Olympiakos dikenal sebagai tim yang solid secara taktikal dan memiliki lini depan berbahaya. Laga ini akan menjadi ujian nyata bagi Chivu untuk menguji keseimbangan antara serangan dan pertahanan.
Bagi Inter, hasil akhir mungkin tidak sepenting progres yang dicapai dalam hal organisasi tim. Jika lini belakang bisa tampil lebih disiplin sambil mempertahankan produktivitas serangan, Chivu akan semakin optimistis menatap musim baru Serie A.
Nerazzurri menjalani periode persiapan musim panas yang ‘tidak biasa’ untuk musim 2025-26. Hal ini terutama disebabkan oleh keterlibatan mereka dalam Piala Dunia Antarklub FIFA yang baru.

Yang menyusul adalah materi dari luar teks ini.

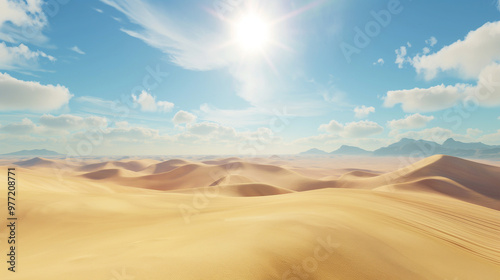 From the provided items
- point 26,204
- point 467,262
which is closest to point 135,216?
point 26,204

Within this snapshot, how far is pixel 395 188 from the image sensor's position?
29000mm

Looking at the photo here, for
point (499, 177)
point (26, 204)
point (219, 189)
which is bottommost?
point (499, 177)

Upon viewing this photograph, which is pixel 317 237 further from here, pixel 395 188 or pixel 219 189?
pixel 395 188

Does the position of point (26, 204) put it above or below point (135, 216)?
above

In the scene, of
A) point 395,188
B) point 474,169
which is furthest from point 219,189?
point 474,169

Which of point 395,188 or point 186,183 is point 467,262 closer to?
point 395,188

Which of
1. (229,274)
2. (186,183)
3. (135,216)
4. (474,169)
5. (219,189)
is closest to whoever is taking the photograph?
(229,274)

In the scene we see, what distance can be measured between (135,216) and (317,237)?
6.17 metres

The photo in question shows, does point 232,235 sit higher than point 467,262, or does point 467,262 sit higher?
point 232,235

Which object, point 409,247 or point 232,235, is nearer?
point 232,235

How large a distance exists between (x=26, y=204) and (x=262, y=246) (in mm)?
7874

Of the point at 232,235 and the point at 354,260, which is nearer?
the point at 354,260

Tim asuhan Cristian Chivu memainkan empat pertandingan kompetitif di AS sebelum tersingkir dari turnamen tersebut. Dalam hal pertandingan persahabatan antarklub, pelatih asal Rumania ini baru memimpin dua pertandingan sejauh ini.
Pada 8 Agustus, Lautaro Martinez dan Ange-Yoan Bonny mencetak gol dalam kemenangan 2-1 melawan Monaco di Stade Louis II. Tiga hari kemudian, Inter mengalahkan Monza melalui adu penalti setelah bermain imbang 2-2.
Sementara itu, sang juara Yunani akan memainkan pertandingan persahabatan antarklub kedelapan mereka pada hari Sabtu. Sejauh ini, tim asuhan José Luis Mendilibar telah mengalahkan semua lawan mereka kecuali Heerenveen dan Napoli.